-------- TASK INPUTS
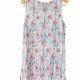 exclusive 100% linen dress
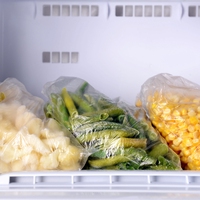 frozen food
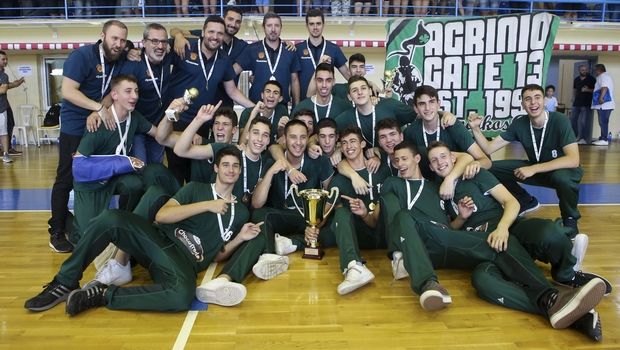 Αλβέρτης: “Το Πανελλήνιο Παίδων είναι αφιερωμένο στον Παύλο Γιαννακόπουλο”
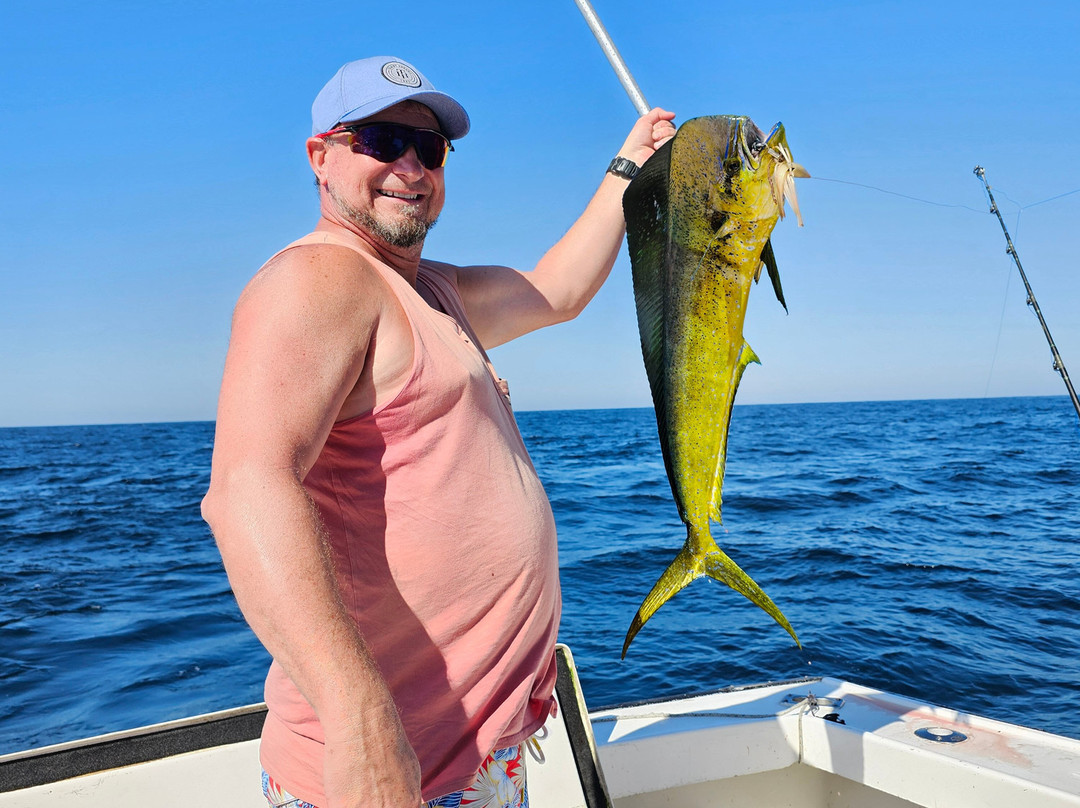 Star Fleet Sportfishing-马萨特兰必去景点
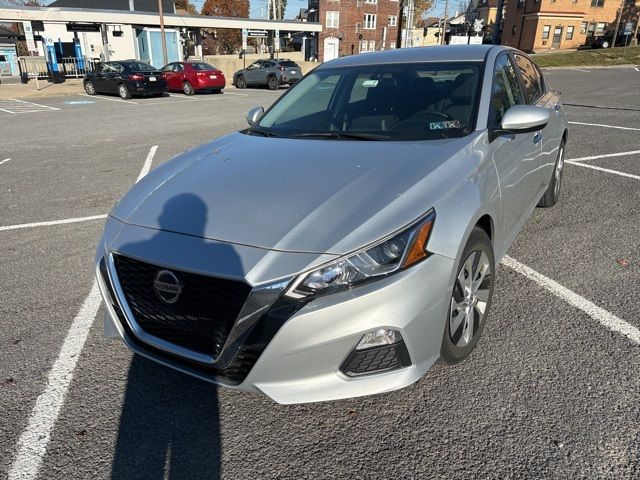 2020 Nissan Altima 2.5 S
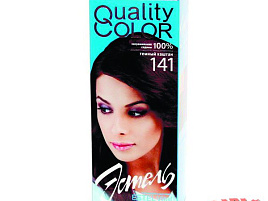 Краска для волос Estel Цветель 141 Тем.Каштан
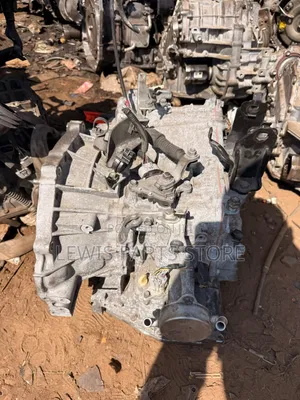1NZ Gearbox CVT (12pin)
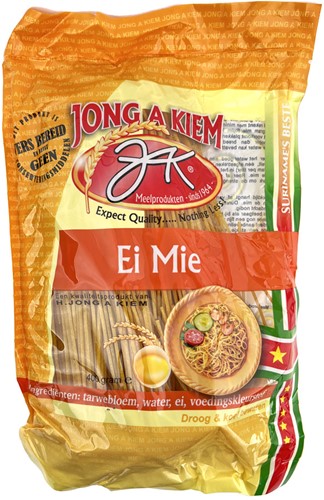 BAMI jong-a-kiem EIER-MIE 400G PER PAK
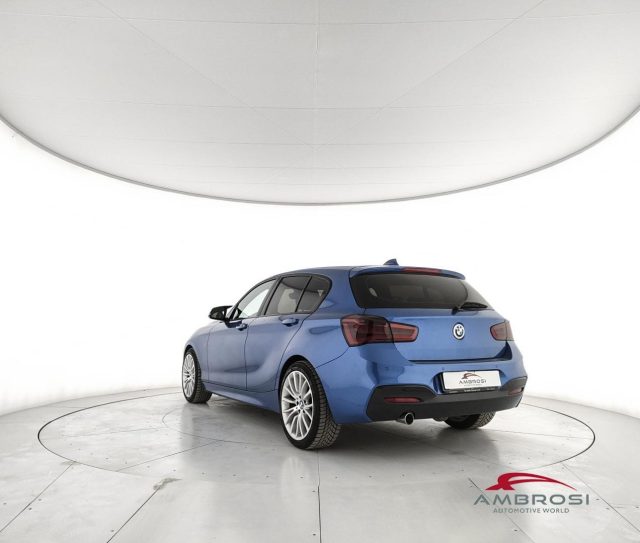 BMW 118 Serie 1 d 5p. Msport - foto 4 di 4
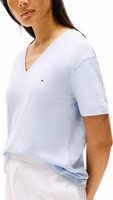 Blue Organic Cotton T-Shirt 3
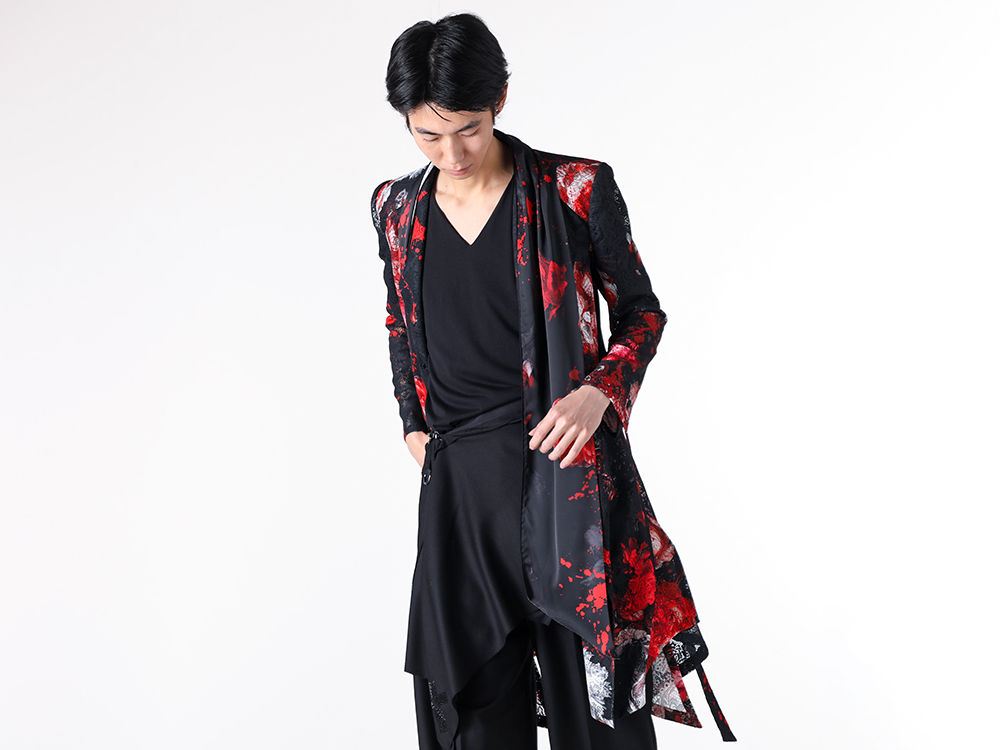 kiryuyrik - Flare Jacket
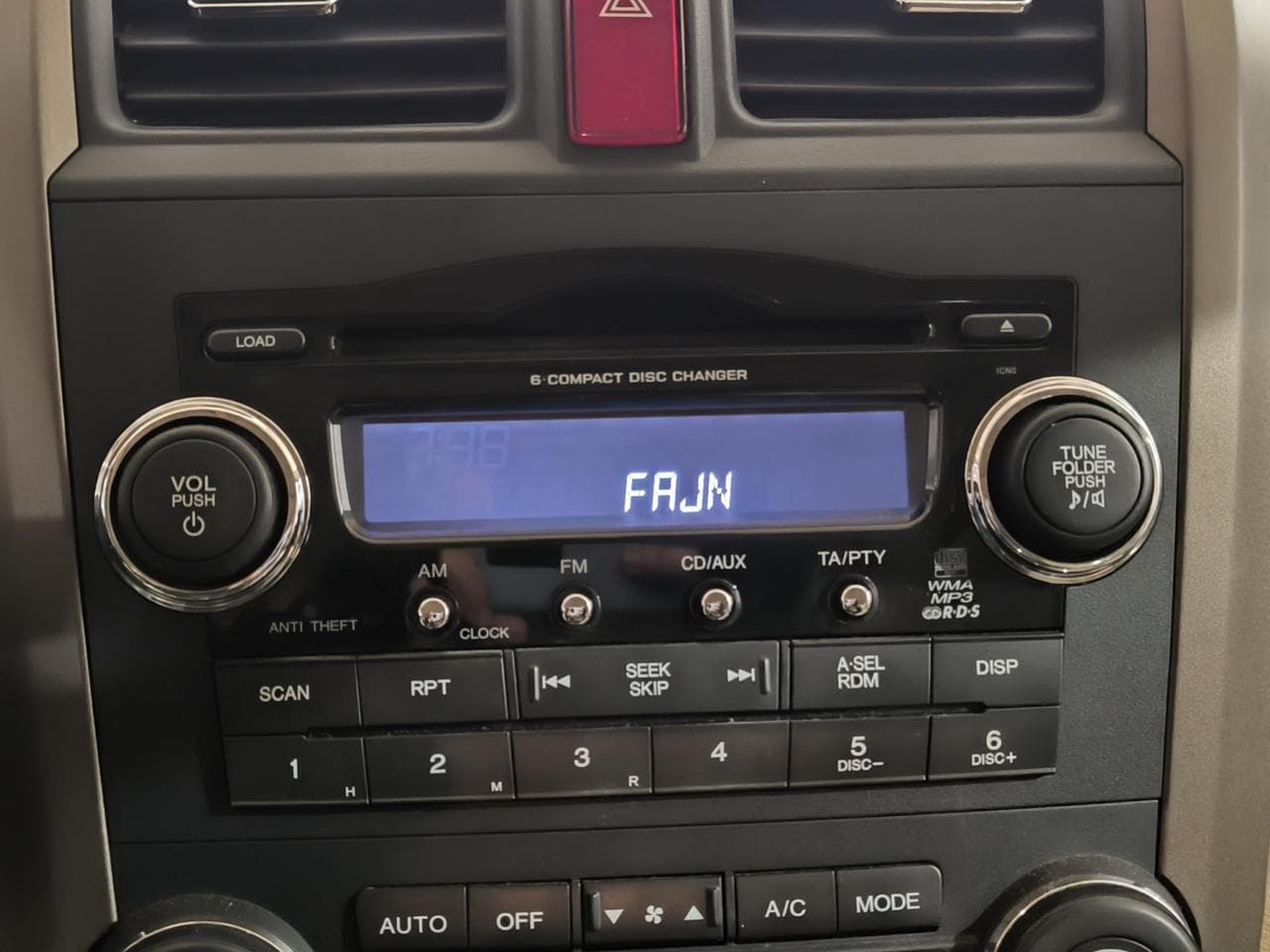 2008 Honda CR-V - 14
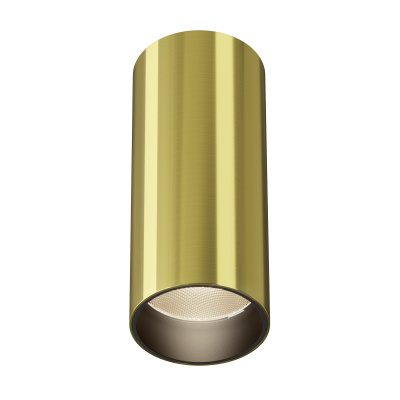 Потолочный светильник Maytoni Focus LED C056CL-L12W3K-W-BS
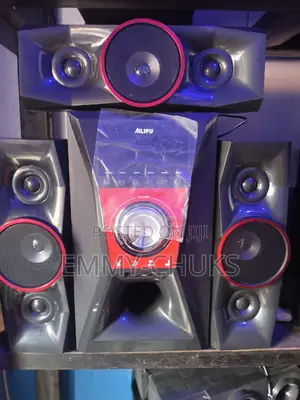 Qaulity Ailipu Sound System Speasker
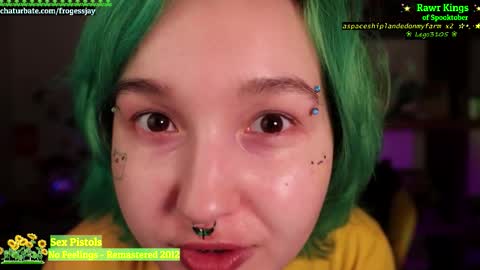   Jaywise Frogfoot  online show from 10-06-25, 06:38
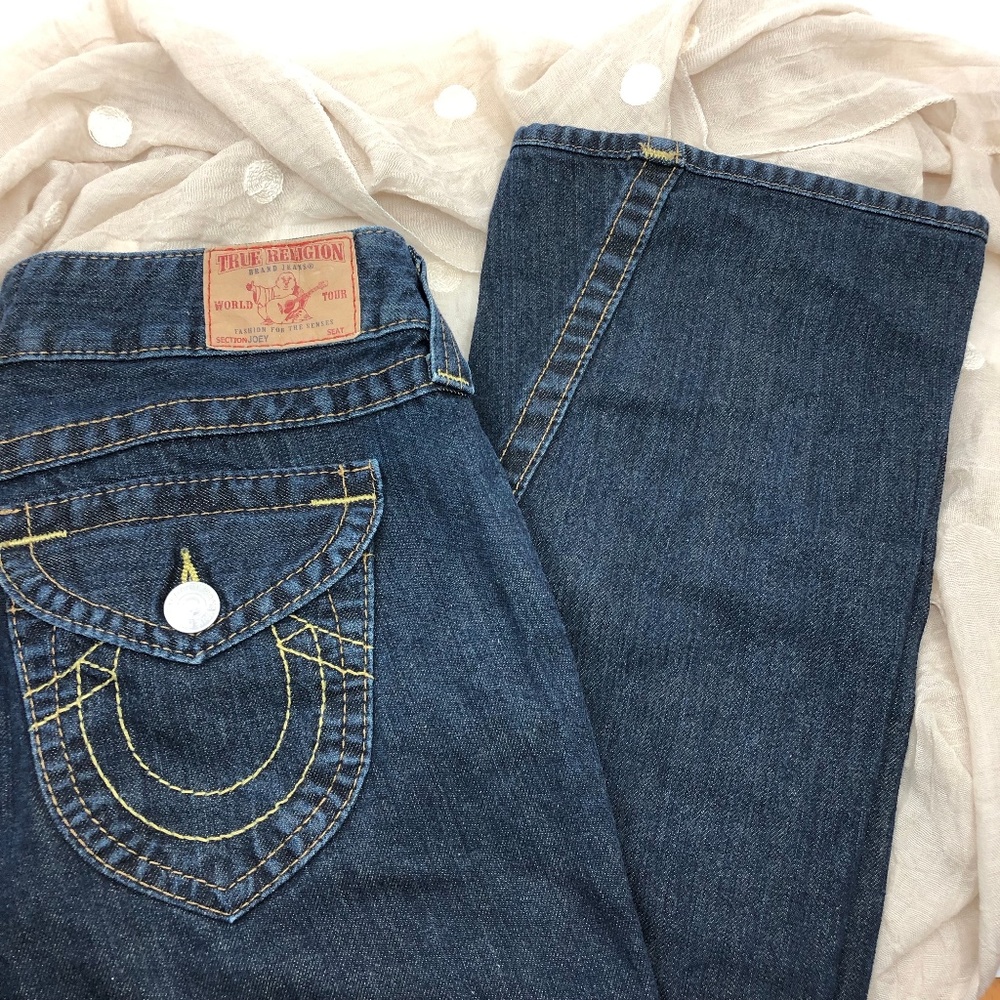 TRUE RELIGION: Joey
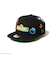 ニューエラ（NEW ERA）帽子 キャップ Youth 9FIFTY SESAME STREET セサミストリート オールオーバー 14682463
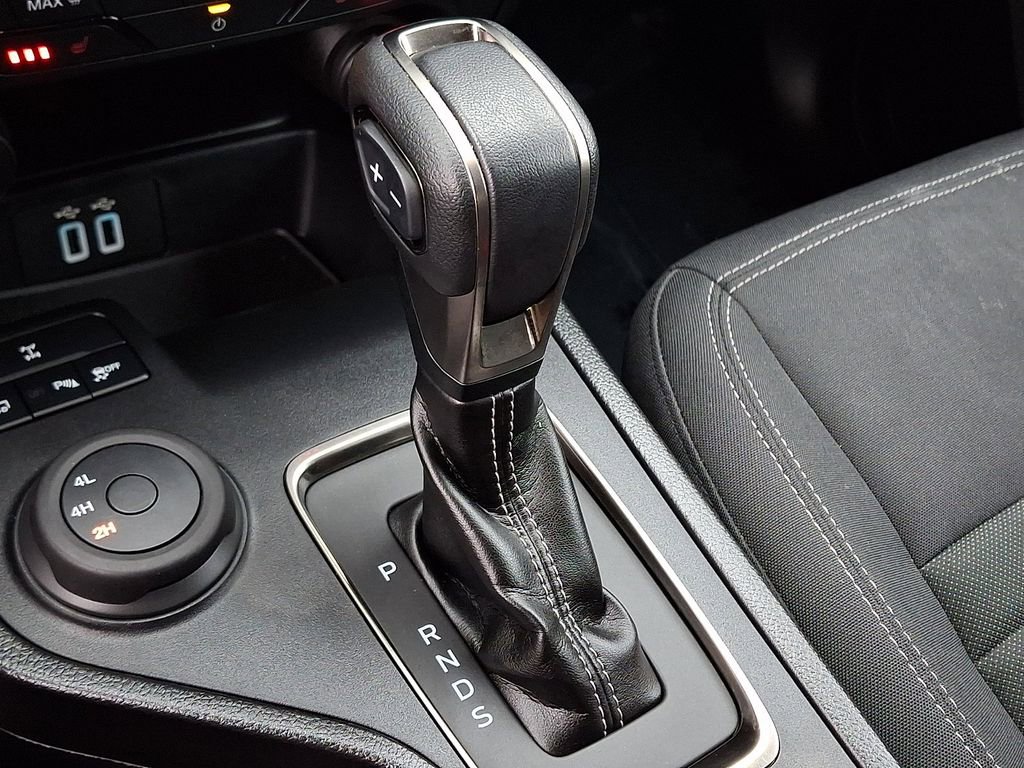 Certified 2023 Ford Ranger XLT w/ Equipment Group 302A High image 15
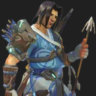 Selected profile picture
----------------
● WHAT THE TASK ASKS:
Each line from the one containing "Краска для волос" to the final line of the data must be printed exactly, both included, with nothing else and no pictures.

● SOLUTION TO THIS PROBLEM:
 Краска для волос Estel Цветель 141 Тем.Каштан
1NZ Gearbox CVT (12pin)
 BAMI jong-a-kiem EIER-MIE 400G PER PAK
 BMW 118 Serie 1 d 5p. Msport - foto 4 di 4
 Blue Organic Cotton T-Shirt 3
 kiryuyrik - Flare Jacket
 2008 Honda CR-V - 14
 Потолочный светильник Maytoni Focus LED C056CL-L12W3K-W-BS
 Qaulity Ailipu Sound System Speasker
   Jaywise Frogfoot  online show from 10-06-25, 06:38
 TRUE RELIGION: Joey
 ニューエラ（NEW ERA）帽子 キャップ Youth 9FIFTY SESAME STREET セサミストリート オールオーバー 14682463
 Certified 2023 Ford Ranger XLT w/ Equipment Group 302A High image 15
 Selected profile picture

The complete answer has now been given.